The practical upper limit of 80-85 characters demonstrated in this bug report 
is very low.  The documented [ENAMETOOLONG] limit in mount(2) is sensible, but 
does not appear to reflect the practical reality at the present time.  If the 
80-85 character limit could be eliminated to allow this to work as documented, 
this would remove a significant limitation in the FreeBSD system which is 
breaking software which requires longer paths to function.
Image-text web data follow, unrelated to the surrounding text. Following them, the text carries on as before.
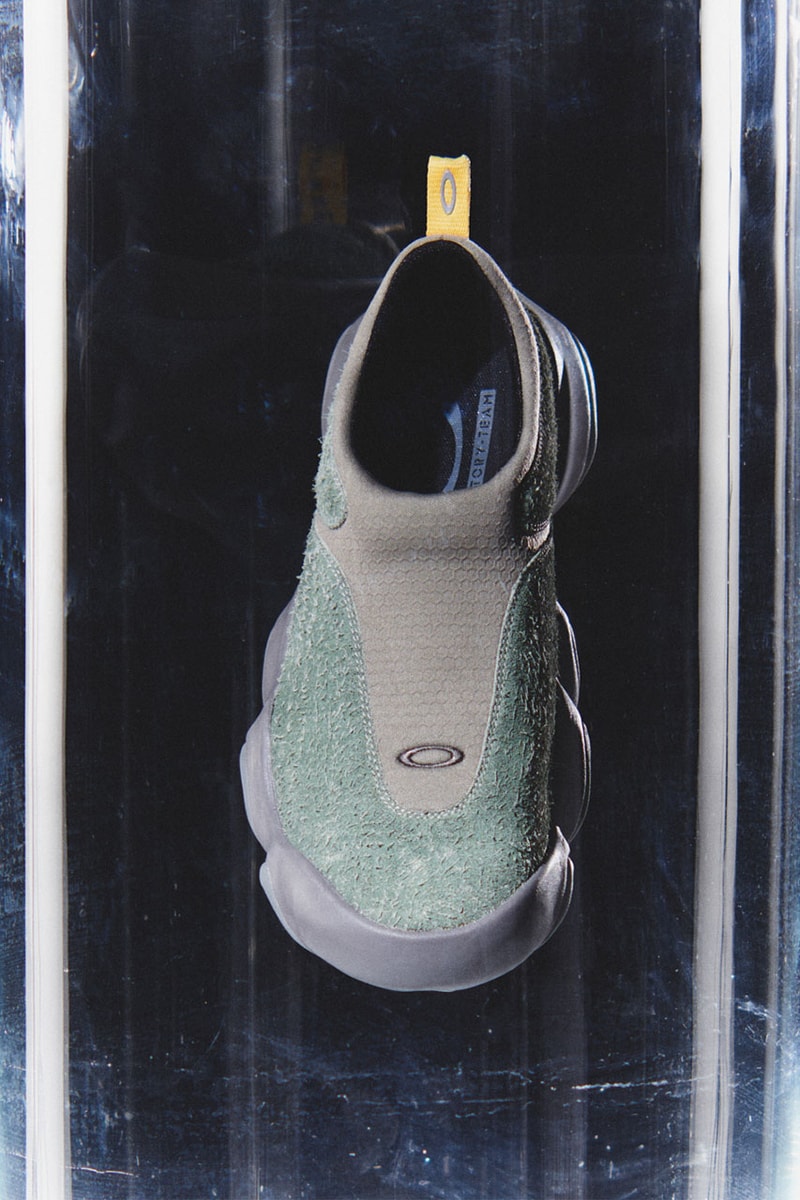 ブレインデッドxオークリーによる最新コラボフットウェアがリリース brain dead oakley collab footwear flash release info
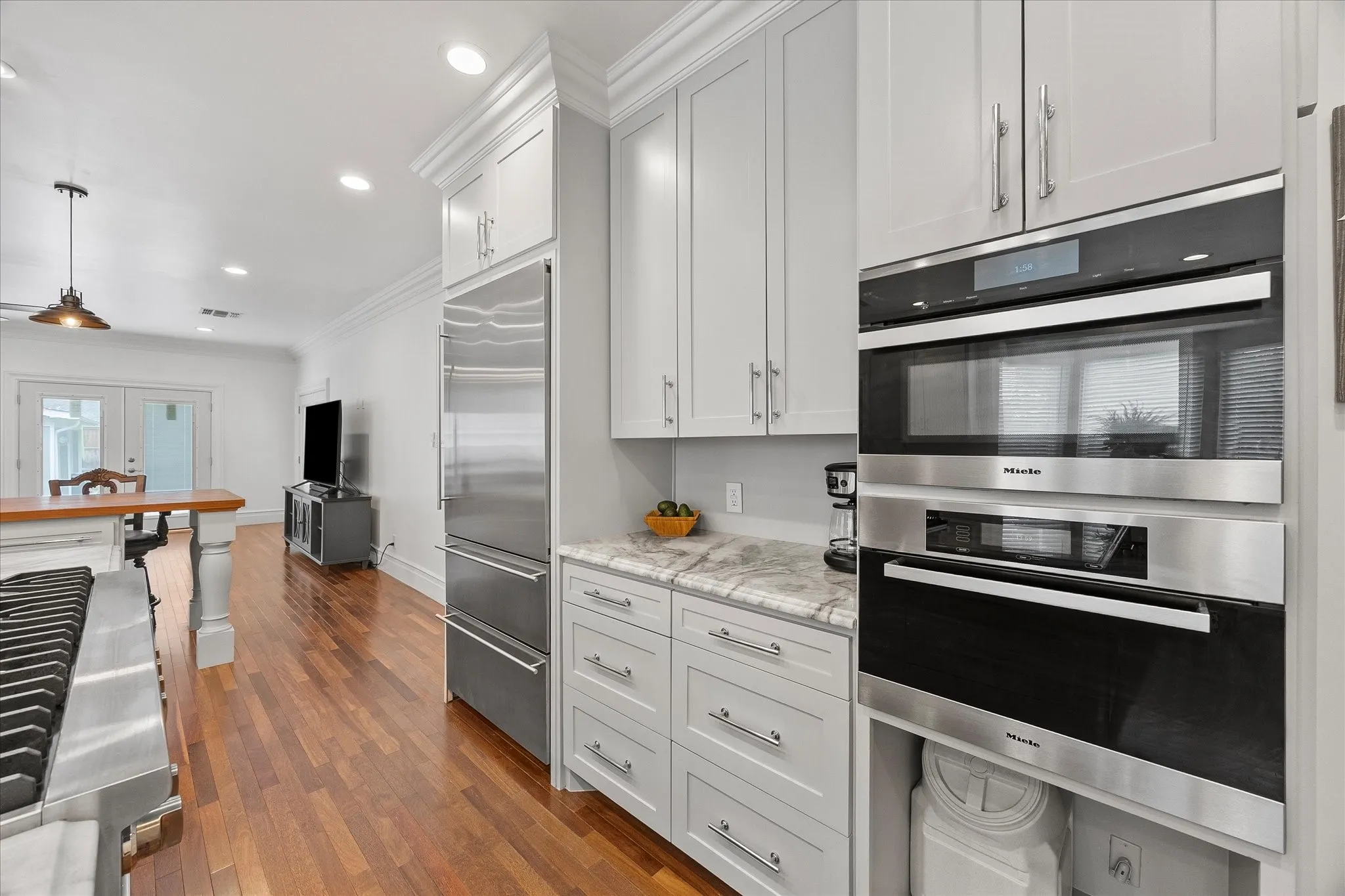 Single Family Residence For Sale in Kaufman County , 726 Griffith Avenue, Terrell, Texas 75160, 4 Bedroom, 4 Bathroom, 2 Garage spaces, 4,137 Sqft, built in 2015, Preowned, mls#21244324, Real Estate Agent in Terrell, Homes For Sale in Kaufman county, Homes For Sale in Terrell, Realtor in Terrell Texas, Real Estate Brokerage Independent Realty Texas, Luminita Cordes Realtor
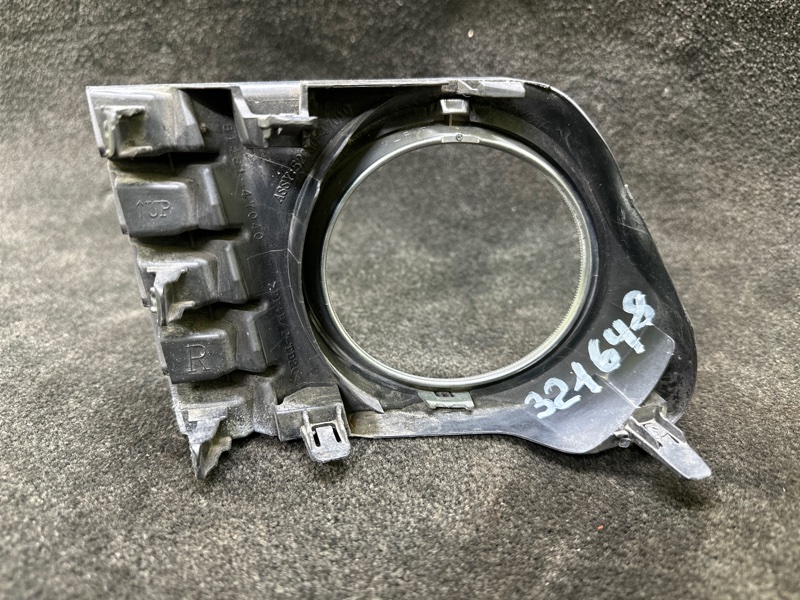 Накладка противотуманной фары правая TOYOTA PRIUS PLUS 11-14 Накладка противотуманной фары правая TOYOTA PRIUS PLUS 11-14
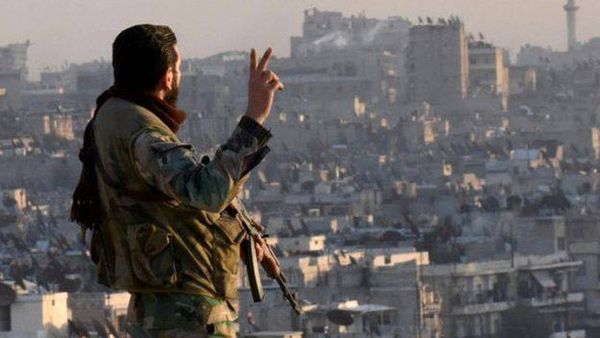 غلوبال ريسيرتش": الغرب في حالة ذعر حقيقية بعد انتصارات الجيش السوري في حلب!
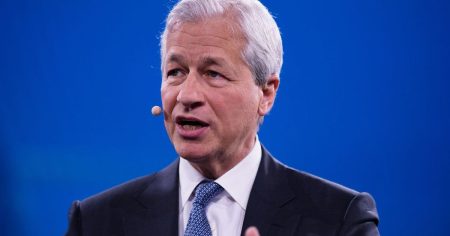 جيه بي مورغان: بيروقراطية أوروبا تدفع الاستثمارات للهروب وتضعف الابتكار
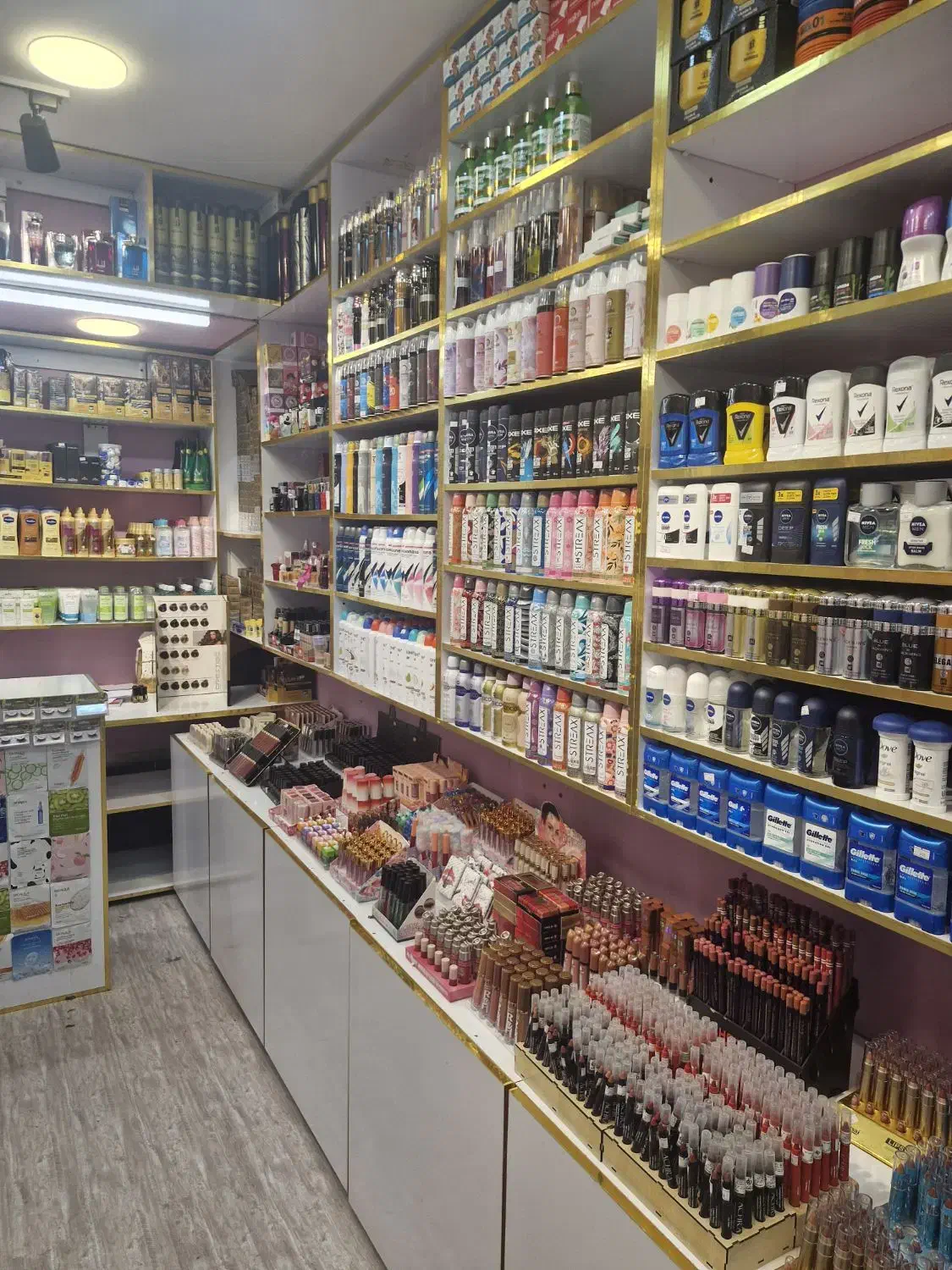 فروشنده آرایشی و بهداشتی|استخدام بازاریابی و فروش|تهران, پونک|دیوار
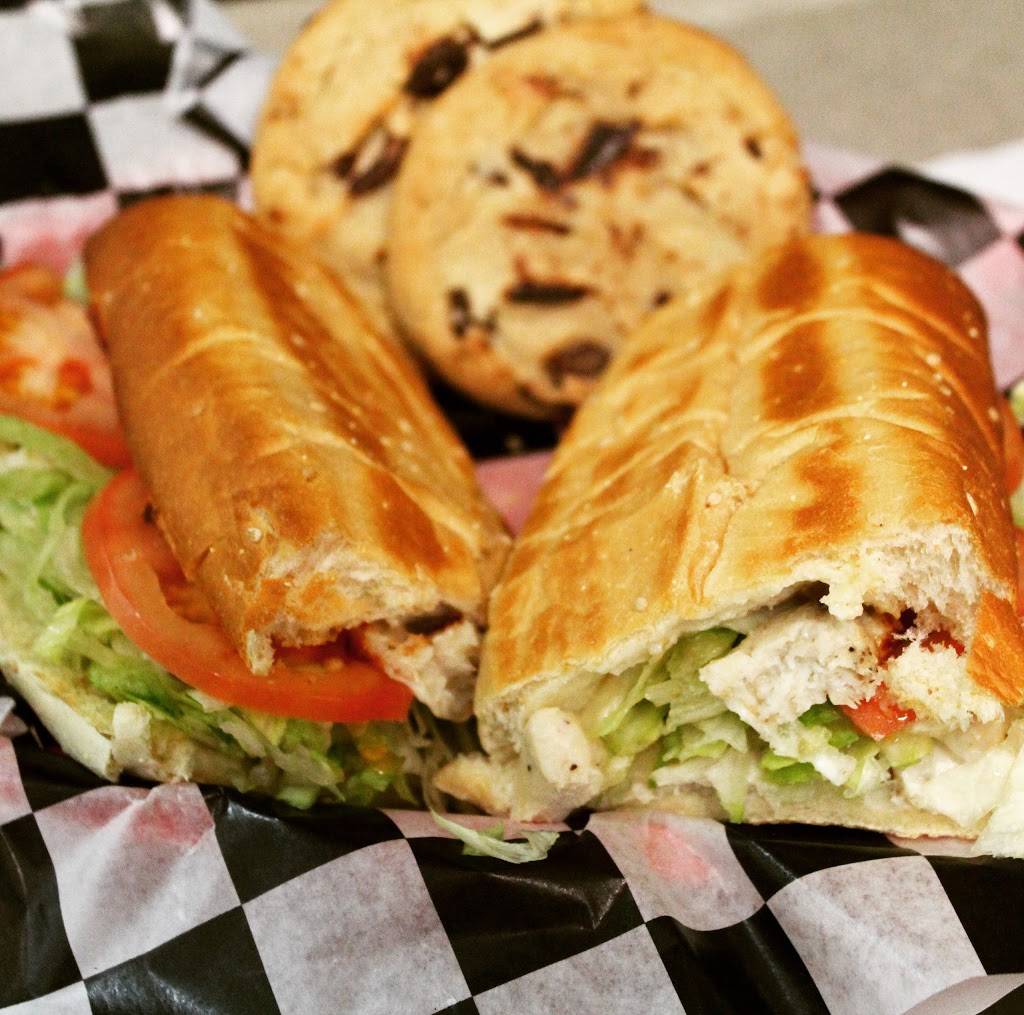 KBs Pizza and Sub Shop | restaurant | 1005 S Beacon Blvd, Grand Haven, MI 49417, USA | 6168462720 OR +1 616-846-2720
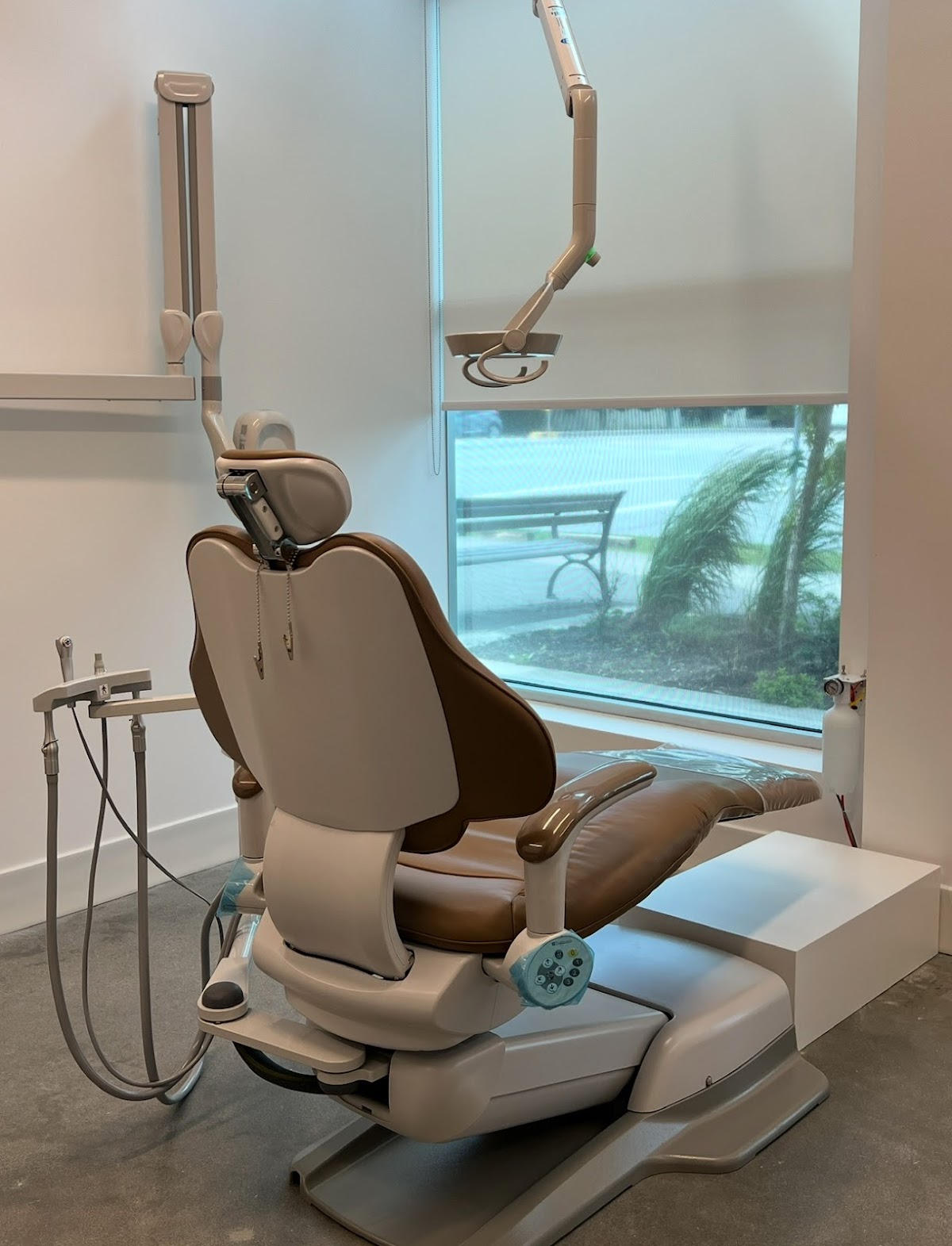 Smile Plus Dentistry dental clinic in Surrey - Photo 4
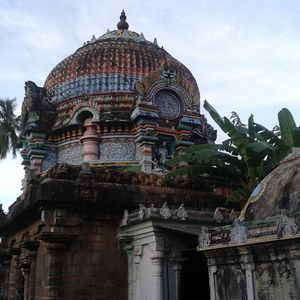 Karuvarai Gopuram.jpg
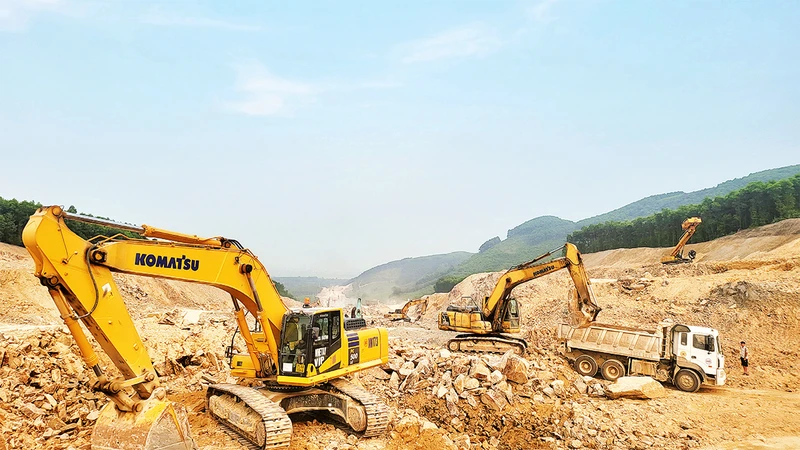 Doanh nghiệp xây dựng Xuân Trường huy động tối đa nhân lực, máy móc đẩy nhanh tiến độ thi công gói thầu XL 12, dự án thành phần đường cao tốc bắc-nam đoạn Hàm Nghi-Vũng Áng.
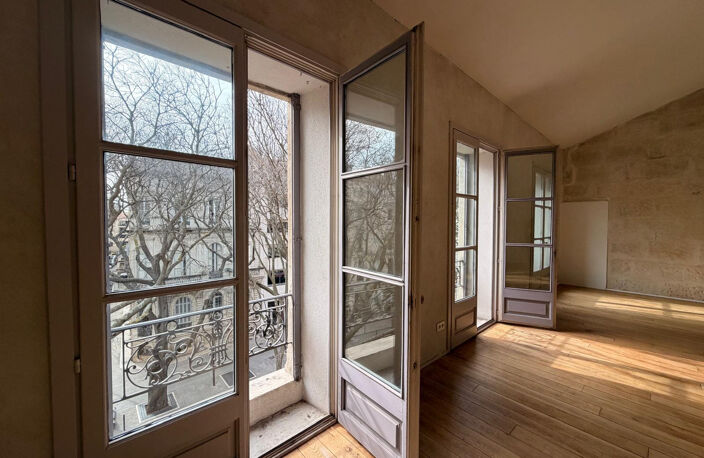 NIMES MAISON CARREE Duplex d'exception P3 bis de 155m2 avec — photo 4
Mount name lengths are in practice limited to (MNAMELEN - 1) = 87.  See
<sys/mount.h>.  This isn't easy to fix, since MNAMELEN is in critical APIs
(mainly struct statfs).  struct statfs has already been changed once too
often.  MNAMELEN used to be (80 - 2 * sizeof(long)), which is 80 or 72,
but was changed to 88.  MNAMELEN is of course mentioned in statfs(2), but
it isn't mentioned in mount(2) because it doesn't apply to the actual mount
operation but only to determining what is mounted using statfs(2).  The
buffer gets truncated at mount time by mount in the kernel copying the
file name to the statfs buffer with blind truncation.

In practice, this means that you should never use the feature of mounting
pathnames with length between MNAMELEN and (PATH_MAX - 1), since it is too
hard to manage the resulting mountpoints.